Tests for the lack of a centre of symmetry

As we have seen in § 1.4 measurements of crystals with an optical goniometer can, in favourable circumstances, reveal the crystal class. Such measurements should be carried out on many crystals for there is a tendency for crystals to exist in a number of slightly different forms in each of which some facets may not be present. By-and-large, when incorrect conclusions are drawn from optical goniometry it is in the direction of assigning too high a symmetry to the crystal. However it is sometimes possible to be reasonably sure by means of such measurements that a crystal structure either has or does not have a centre of symmetry.
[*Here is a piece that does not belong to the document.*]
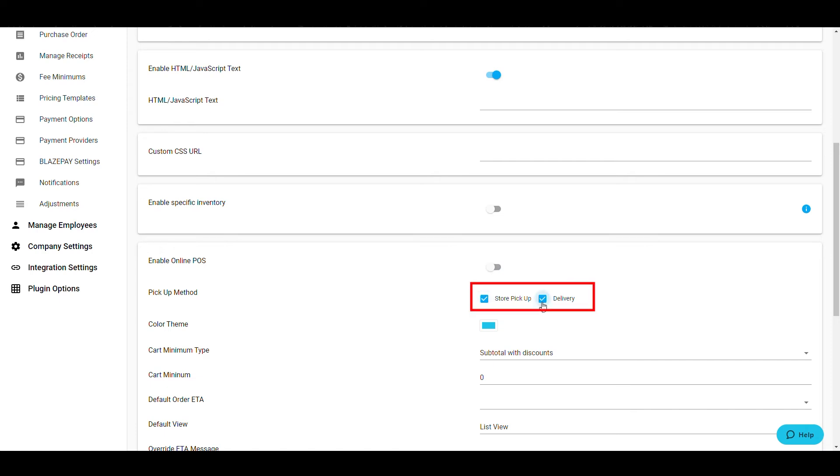make sure to turn the appropriate pickup method for your customers. Both options can be checked individually or together.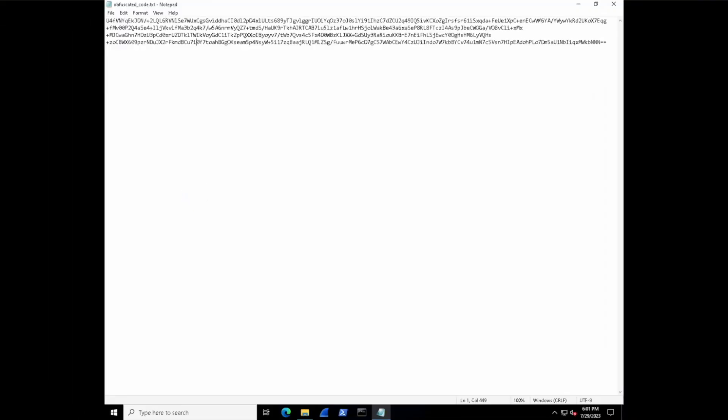CyberChef is a web-based tool that allows cybersecurity professionals to quickly and easily analyze, decode, and transform data in various formats. These formats include Base64, AES, gzip, XOR, binary, and so much more.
There are a number of physical properties of crystals, the measurements of which can be used unequivocally to detect the lack of a centre of symmetry in a crystal structure. We shall briefly consider these, the physical principles involved and the apparatus which may be used for the tests.

Piezoelectric effect

The first physical phenomenon we shall consider is that of piezoelectricity. This is the process whereby when a material is placed in an electric field it undergoes a mechanical strain and, conversely, when the material is mechanically strained it becomes electrically polarized and produces a field in its environment. Let us see what mechanism can produce this effect. In fig. 7.1(a) there is a schematic representation of a pair of atoms with their surrounding electron density. The two atoms are bonded together and the electron density is distorted from the configuration it would have for the superposition of that from two isolated atoms.